Tous deux, arc-boutés alors contre le roufle de l'avant pour résister à la vitesse du déplacement, regardaient ses masses colossales. Elles semblaient courir au-devant de l'aéronef.
« L'Himalaya, sans doute, dit Phil Evans, et il est probable que ce Robur va en contourner la base sans essayer de passer dans l'Inde.
- Tant pis! répondit Uncle Prudent. Sur cet immense territoire, peut-être aurions-nous pu...
- A moins qu'il ne tourne la chaîne par le Birman à l'est, ou par le Népaul à l'ouest.
- En tout cas, je le mets au défi de la franchir!
- Vraiment! » dit une voix.
Le lendemain, 28 juin, l'_Albatros_ se trouvait en face du gigantesque massif, au-dessus de la province de Zzang. De l'autre côté de l'Himalaya, c'était la région du Népaul.
En réalité, trois chaînes coupent successivement la route de l'Inde, quand on vient du nord. Les deux septentrionales, entre lesquelles s'était glissé l'_Albatros,_ comme un navire entre d'énormes écueils, sont les premiers degrés de cette barrière de l'Asie centrale. Ce furent d'abord le Kouen-Loun, puis le Karakoroum, qui dessinent cette vallée longitudinale et parallèle à l'Himalaya, presque à la ligne de faite où se partagent les bassins de l'Indus, à l'ouest, et du Brahmapoutre, à l'est.
Quel superbe système orographique! Plus de deux cents sommets déjà mesurés, dont dix-sept dépassent vingt-cinq mille pieds! Devant l'_Albatros,_ à huit mille huit cent quarante mètres, s'élevait le mont Everest. Sur la droite, le Dwalaghiri, haut de huit mille deux cents. Sur la gauche, le Kinchanjunga, haut de huit mille cinq cent quatre-vingt-douze, relégué au deuxième rang depuis les dernières mesures de l'Everest.
Evidemment, Robur n'avait pas la prétention d'effleurer la cime de ces pics mais, sans doute, il connaissait les diverses passes de l'Himalaya, entre autres, la passe d'Ibi-Gamin, que les frères Schlagintweit, en 1856, ont franchie à une hauteur de six mille huit cents mètres, et il s'y lança résolument.
Il y eut là quelques heures palpitantes, très pénibles même. Cependant, si la raréfaction de l'air ne devint pas telle qu'il fallut recourir à des appareils spéciaux pour renouveler l'oxygène dans les cabines, le froid fut excessif.
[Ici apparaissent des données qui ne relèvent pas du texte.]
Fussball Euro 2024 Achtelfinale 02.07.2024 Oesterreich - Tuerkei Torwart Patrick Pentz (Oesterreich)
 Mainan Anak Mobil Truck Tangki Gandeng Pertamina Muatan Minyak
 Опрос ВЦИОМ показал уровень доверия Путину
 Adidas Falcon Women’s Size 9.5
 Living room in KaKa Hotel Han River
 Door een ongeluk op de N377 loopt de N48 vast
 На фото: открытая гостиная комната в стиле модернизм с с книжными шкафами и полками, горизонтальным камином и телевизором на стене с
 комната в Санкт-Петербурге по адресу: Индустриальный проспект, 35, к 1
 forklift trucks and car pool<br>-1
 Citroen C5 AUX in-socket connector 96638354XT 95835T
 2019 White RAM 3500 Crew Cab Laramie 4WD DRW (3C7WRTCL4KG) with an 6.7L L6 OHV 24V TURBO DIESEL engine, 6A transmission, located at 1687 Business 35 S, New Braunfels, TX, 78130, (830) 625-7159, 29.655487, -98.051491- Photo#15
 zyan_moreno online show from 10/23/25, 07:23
Robur, posté à l'avant, sa mâle figure sous son capuchon, commandait les manœuvres. Tom Turner avait en main la barre du gouvernail. Le mécanicien surveillait attentivement ses piles dont les substances acides n'avaient rien à craindre de la congélation - heureusement. Les hélices, lancées au maximum de courant, rendaient des sons de plus en plus aigus, dont l'intensité fut extrême, malgré la moindre densité de l'air. Le baromètre tomba à 290 millimètres, ce qui indiquait sept mille mètres d'altitude.
Magnifique disposition de ce chaos de montagnes!
Partout des sommets blancs. Pas de lacs, mais des glaciers qui descendent jusqu'à dix mille pieds de la base. Plus d'herbe, rien que de rares phanérogames sur la limite de la vie végétale. Plus de ces admirables pins et cèdres, qui se groupent en forêts splendides aux flancs inférieurs de la chaîne. Plus de ces gigantesques fougères ni de ces interminables parasites, tendus d'un tronc à l'autre, comme dans les sous-bois de la jungle. Aucun animal, ni chevaux sauvages, ni yaks, ni bœufs tibétains. Parfois une gazelle égarée jusque dans ces hauteurs. Pas d'oiseaux, si ce n'est quelques couples de ces corneilles qui s'élèvent jusqu'aux dernières couches de l'air respirable.
Cette passe enfin franchie, l'_Albatros_ commença à redescendre. Au sortir du col, hors de la région des forêts, il n'y avait plus qu'une campagne infinie qui s'étendait sur un immense secteur.
Alors Robur s'avança vers ses hôtes, et d'une voix aimable :
« L'Inde, messieurs », dit-il.
X
Dans lequel on verra comment et pourquoi le valet Frycollin fut mis à la remorque.
L'ingénieur n'avait point l'intention de promener son appareil au-dessus de ces merveilleuses contrées de l'Indoustan.